The first certainly attested owner of Göksholm's castle was lady Ingeborg Ulfsdotter (mentioned 1296, died before 1307), of the family of Ulv (a cadet branch of the earl dynasty that later became known as Folkunge royal line, or House of Bjellbo). (She had possibly received it as her dower from her first husband, lord Knut Mattsson of the family of Lejonbjälke, who was lawspeaker of Närke, the province where the castle is located.) Göksholm was then inherited in female line through four following generations. Great-great-granddaughter lady Christina Magnusdotter brought it to her husband lord Bengt Stensson of the Ringhult lordship (the family much later dubbed as Natt och Dag). The couple's son was the abovementioned killer lord Måns.
- Ingeborg Ulfsdotter (of the Ulv), widow of Knut Mattsson, and wife of Abjörn Sixtensson of Salsta and Engsoe
- Birgitta Knutsdotter (of the Lejonbjälke), wife of 1) Barnam? 2) Magnus Bengtsson
- Katarina Magnusdotter, wife of Lidinvard Haraldsson
- Margareta Lidinvardsdotter, wife of Magnus Håkansson
- Christina Magnusdotter
- and her husband: Bengt Stensson (Natt och Dag), chevalier, Royal Councillor, lawspeaker
- Magnus (Måns) Bengtsson (Natt och Dag), chevalier, Royal Councillor, lawspeaker
- Johan Månsson (Natt och Dag), chevalier, Royal Councillor
- Åke Johansson (Natt och Dag), chevalier, Royal Councillor, lawspeaker
- Johan Åkesson (Natt och Dag), Royal Councillor
- Axel Johansson (Natt och Dag)
- Åke Axelsson Natt och Dag, 1st baron, Royal Councillor, Lord High Constable of Sweden, lawspeaker
- baroness Barbro Åkesdotter Natt och Dag, died 1680, married 1) Klas Bielkenstierna, admiral and Royal Councillor 2) baron Knut Kurck, Royal Councillor, lawspeaker
- 1680-1703: Charlotta Bielkenstierna, granddaughter of baroness Barbro, married baron Johan Kasimir Fleming af Liebelitz, treasury councillor
- 1703-1747: baron Axel Johan Fleming af Liebelitz
- 1747-1754: baron Carl Sparre (1676-1754), major general
- 1754-1794 (?): baroness Beata Sparre (1734-87), married count Adam Otto Lagerberg (1723-98), provincial governor of Skaraborg county
- 1794 (?)-1799: count Karl Lagerberg, captain
- 1799-1817: Lars Gustaf Tersmeden, captain
- 1817-1822 (?): baron Gotthard Mauritz von Rehausen, Minister plenipotentiary in London
- 1822 (?)- 1852: baron Johan Gotthard von Rehausen, minister plenipotentiary in London
- 1852-1890: Malvina Harriet von Rehausen, widow of baron Samuel Abraham Leijonhufvud, president
- 1890-1914: baroness Emma Leijonhufvud, married Gustaf Nyrén, komminister
- 1914-1999 (?) : baron Tage Leijonhufvud, cavalry officer
- 1999 (?) - : baron Erik Leijonhufvud
There is an old list of castle's owners, written in 1801 on basis of a now disappeared painted fris from 1676. It says that it contains all owners "who can be attested by written sources" throughout the period of c 1320-1676. That list however says:
- Bo Nilsson (Natt och Dag) (incorrect attribution of ownership)

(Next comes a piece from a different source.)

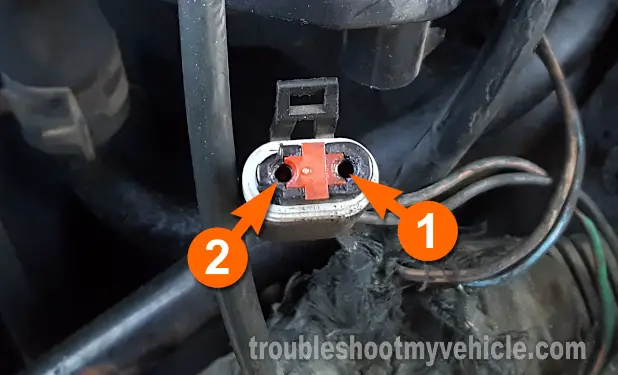 Making Sure The Ignition Coil Is Getting 12 Volts. How To Test The Ignition System (1993, 1994, 1995 2.5L Dodge Caravan And Plymouth Voyager) Making Sure The Ignition Coil Is Getting 12 Volts. How To Test The Ignition System (1993, 1994, 1995 2.5L Dodge Caravan And Plymouth Voyager)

- Bo Bosson (Natt och Dag) (incorrect attribution of ownership)
- Sten Bosson (Natt och Dag) (incorrect attribution of ownership)

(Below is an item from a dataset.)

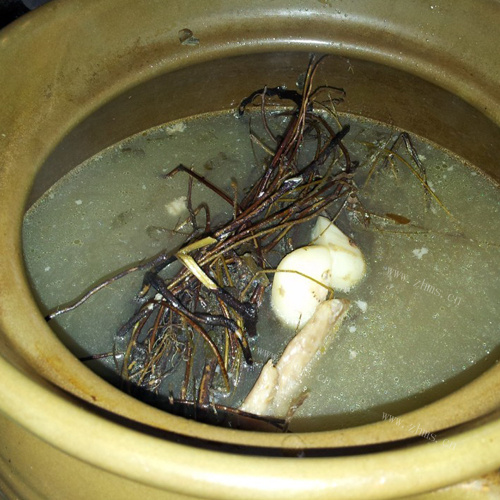 祛湿鸡骨草汤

- Bengt Stensson (Natt och Dag)
- Magnus Bengtsson (Natt och Dag)
- Johan Månsson (Natt och Dag)
- Åke Johansson (Natt och Dag)
- Johan Åkesson (Natt och Dag)
- Axel Johansson (Natt och Dag)
- Åke Axelsson (Natt och Dag)
- Barbro Åkesdotter (Natt och Dag), husbands 1) Klas Bjelkenstierna 2) Knut Kurck
and is therefore incorrect as to the three first names. It appears obvious that medieval sources were not checked and that the male line had been extrapolated back from Bengt Stensson.